SCOM Health Script/Audit

So, As part of my work at my company it’s my responsibility to perform bi-anual health check on all our SCOM clients.

Last year I’ve created a powershell script that checks and reports on the SCOM environment that it’s ran against. Things that the script put into an HTML file for me are things like

1. Uptime of the servers

2. Database last backup

3. Aggregations Behind on SCOM

4. Database free space on the ACS,DW,OPS and ReportServer databases.

5. Grooming Status

etc etc.

I’ve decided in the last month to start using the SCOM SDK with VB.net as to learn the SDK and refresh my VB.net programming knowledge, call it a challenge if you will.

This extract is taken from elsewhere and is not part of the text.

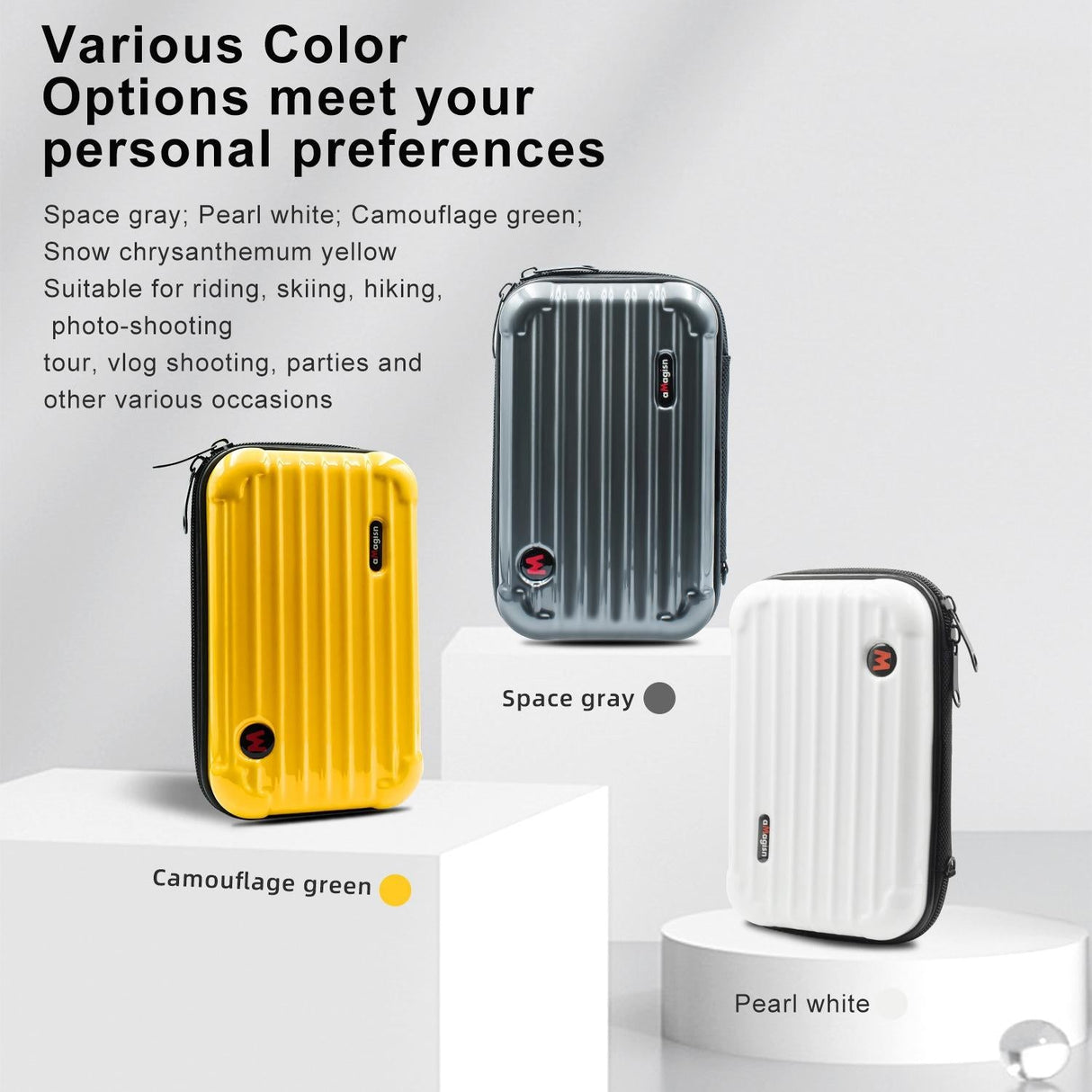 Waterproof Hard Shell Storage Bag for Amagisn - Compact Size - Yellow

So below is a screen shot of what the GUI looks like at this point, for now I’m just focusing on putting everything in listviews with some intellengence build into some of the list views, ie: turning the listview line red/yellow or green depending on the healthstate of the management server, turning the listview line red if the collation on the server/instance or on the database itself is wrong. The GUI will be enhanced and improved at a later stage, for now the information/data is the most important, after all the HTML file created by this application will be used instead of this GUI.

Screenshot

healthcheck

The user can then specify the saving location of the html file and save all information in the gui as an HTML file.

You specify the management server, for a SCOM 2007 environment you will specify the RMS, for SCOM 2012 SP1/R2 you specify any management server, you also specify the userid, password and domain of an domain account with sufficient permission to connect via the SDK, normally any account in the Operations Manager Administrators Role.

You can also specify a userid, password and domain to connect to the different databases, if not specified the account for the SDK connection will be used by the application to connect to SCOM.

The application picks up all the information required from the DatabaseServer name of the OPS db and DW from the registry and also using the SCOM SDK.

You will see that the Agent Properties and Agent Performance listviews are empty.

In the “Agent Properties” listview i will put the properties including “Proxy Enabled”, Port, Compression and Patch List. The idea is to check for hotfixes and UR/CU for the SCOM product and other properties. Grayed out agents will show gray and also colors to represent the health state of all other states, unintialized agents a.k.a unmonitored will show white in the GUI and HTML file.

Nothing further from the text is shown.